L’Algérie veut revoir l’accord d’association signé avec l’Union européenne en 2002 et la partie européenne n’est pas contre le principe. Il s’agira toutefois de renégocier seulement des clauses de l’accord et non d’une renégociation de fond en comble, apprend-on de source proche du dossier. La différence entre les deux formules est de taille, indique-t-on.
Décrié depuis plusieurs années pour son caractère déséquilibré au détriment de l’Algérie, l’accord a fait l’objet à la mi-janvier dernier d’une réunion présidée par le président de la République Abdelmadjid Tebboune, consacrée à suivre l’état d’avancement des préparatifs pour la révision de l’accord.
A la fin du même mois, le chef de l’État a annoncé en Conseil des ministres que le texte sera révisé “sur le principe gagnant-gagnant”.
Cela “ne résulte pas d’un conflit”, a-t-il précisé, mais vise à “soutenir les bonnes relations entre l’Algérie et l’Union européenne en tant que partenaire économique”.
De nombreux économistes estiment que l’accord a été négocié dans l’urgence par la partie algérienne à la fin des années 1990 et début des années 2000. Signé en 2002, il est entré en vigueur en 2005. Au fil des années, les données douanières affichaient un grand déséquilibre des flux des marchandises, en sus d’un énorme manque à gagner pour l’Algérie du fait du démantèlement tarifaire progressif.
En 10 ans, de 2005 à 2015, l’Algérie a exporté vers cet espace pour 14 milliards d’euros marchandises hors hydrocarbures et en a importé pour 220 milliards d’euros, doit 22 milliards d’euros par an en moyenne. Le manque à gagner pour l’Algérie en droits de douanes s’est élevé pendant la même période à 700 milliards de dinars.
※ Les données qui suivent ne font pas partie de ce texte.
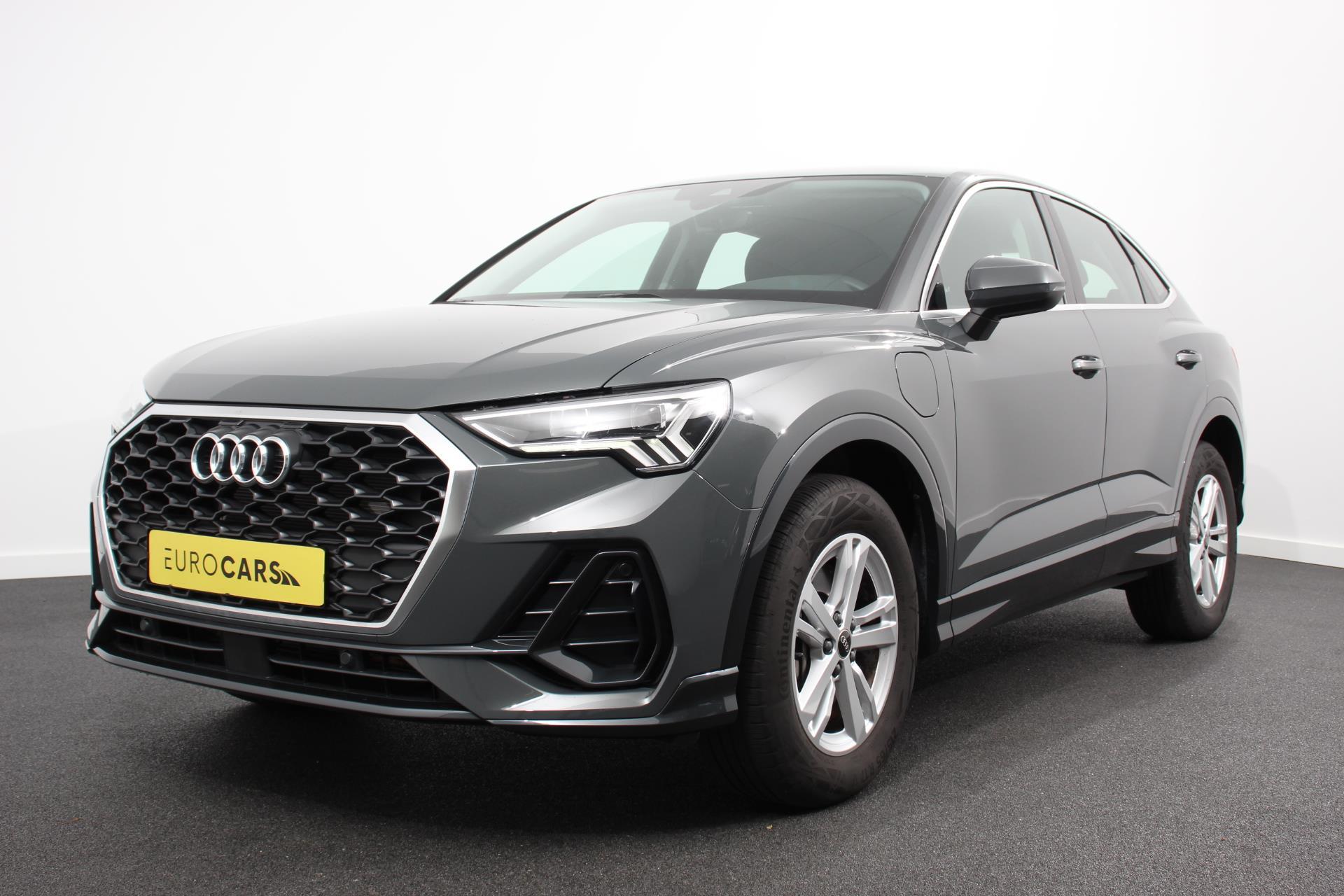 Audi Q3 Sportback 45 TFSI attitude Plus PHEV 245 PK climacontrol | Adaptive Cruise control | PDC V + A | Navigatie | Elektrische Kofferbak | LMV Velgen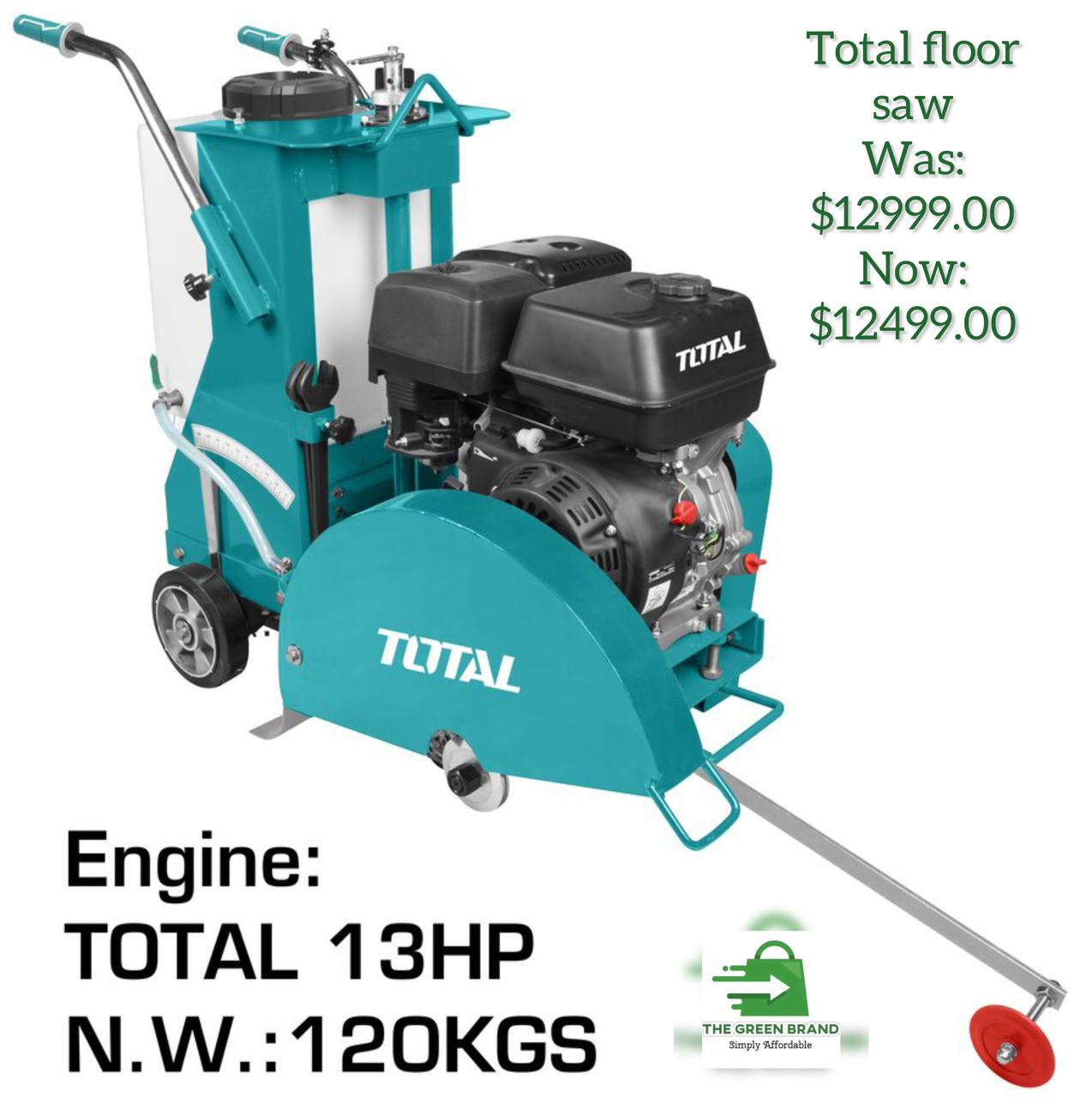 total floor saw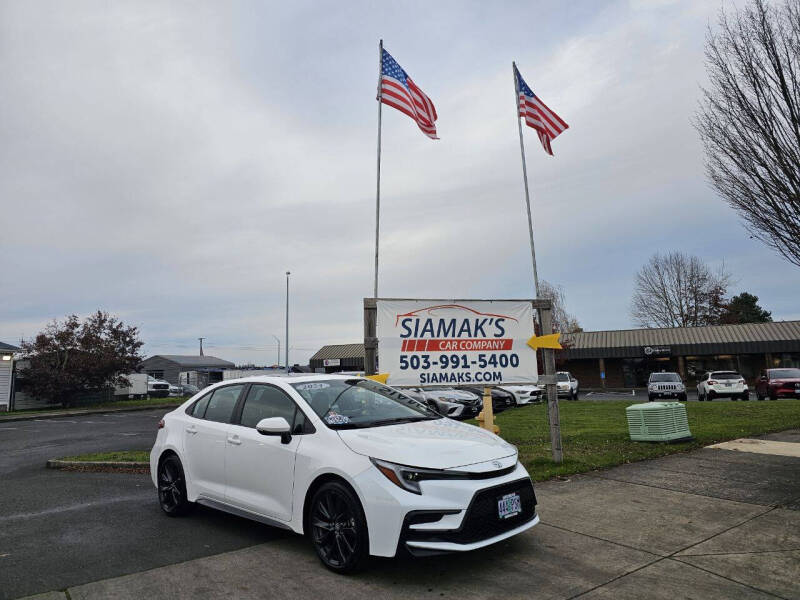 2024 Toyota Corolla XSE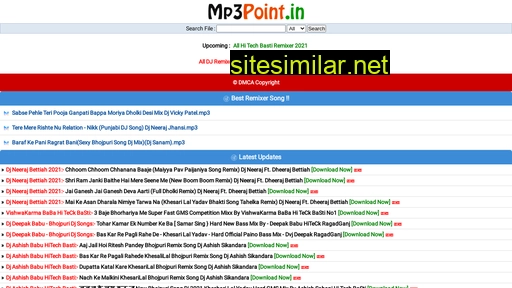 mp3point.in alternative sites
L’Algérie souhaite revoir l’accord, estimant qu’il a été signé dans une conjoncture très différente de celle qui prévaut aujourd’hui.
La révision “s’impose au regard de la réalité économique actuelle, sachant que depuis son entrée en vigueur, en 2005, les exportations de l’Algérie étaient basées principalement sur les hydrocarbures, alors qu’aujourd’hui, nos exportations hors hydrocarbures se sont diversifiées et étendues à d’autres domaines, notamment la production agricole, les minerais, le ciment et les produits alimentaires et autres », avait expliqué le président Tebboune.
Algérie-UE : un accord d’association déséquilibré
Toujours en janvier, le Premier ministre Nadir Larbaoui a reçu l’ambassadeur de l’Union européenne en Algérie, Diego Mellado Pascua. Les deux hommes ont réaffirmé “leur engagement commun à œuvrer de concert en vue d’établir un partenariat global et diversifié marqué par de nouvelles dynamiques, selon une approche équilibrée garantissant les intérêts des deux parties ». Une formule très diplomatique pour signifier que les deux parties sont d’accord sur le principe de révision de l’accord.
La partie européenne n’hésitait pas à mettre en avant les dispositions de l’accord pour contester des décisions prises par le gouvernement algérien, comme les mesures de rationalisation des importations ou encore le blocage du commerce avec l’Espagne entre juin 2022 et début 2025. En juin 2024, la Commission européenne a annoncé l’ouverture d’une procédure d’arbitrage contre l’Algérie.
Les griefs exprimés de part et d’autre seront au centre des discussions à venir, indique notre source, qui insiste toutefois que ce sera une révision de certaines clauses de l’accord et non une renégociation globale. Selon la même source, la renégociation signifie qu’il y aura un nouvel accord qui nécessitera sa ratification par chacun des parlements des 27 Etats membres de l’Union européenne. Ce qui évidemment prendra beaucoup de temps, en plus du risque de rejet du texte par certains parlements.
Dans la conjoncture de crise actuelle avec la France par exemple, il est difficile d’envisager un vote favorable du parlement français où seuls les députés de gauche continuent à défendre une relation apaisée avec l’Algérie. Il y a quelques jours, les élus d’extrême-droite et de droite ont par exemple tenté de lier l’affaire Boualem Sansal et les futures discussions sur l’accord d’association.
La révision à venir aura pour objectif de parvenir à un accord plus équilibré. Les négociateurs algériens devront particulièrement insister sur le rééquilibrage du système des quotas, en valeur ou en volume, et sur la révision des dispositions protectionnistes et normatives, a préconisé en mars dernier dans Echorouk l’ancien ministre algérien du Commerce, Mustapha Benbada.
Tout en estimant qu’il est temps pour l’Algérie de revoir elle aussi son arsenal normatif et l’imposer à l’Europe, l’ancien ministre a indiqué que l’Algérie devra demander à disposer d’une échéance plus longue pour le démantèlement tarifaire total afin de permettre à ses entreprises d’être plus compétitives.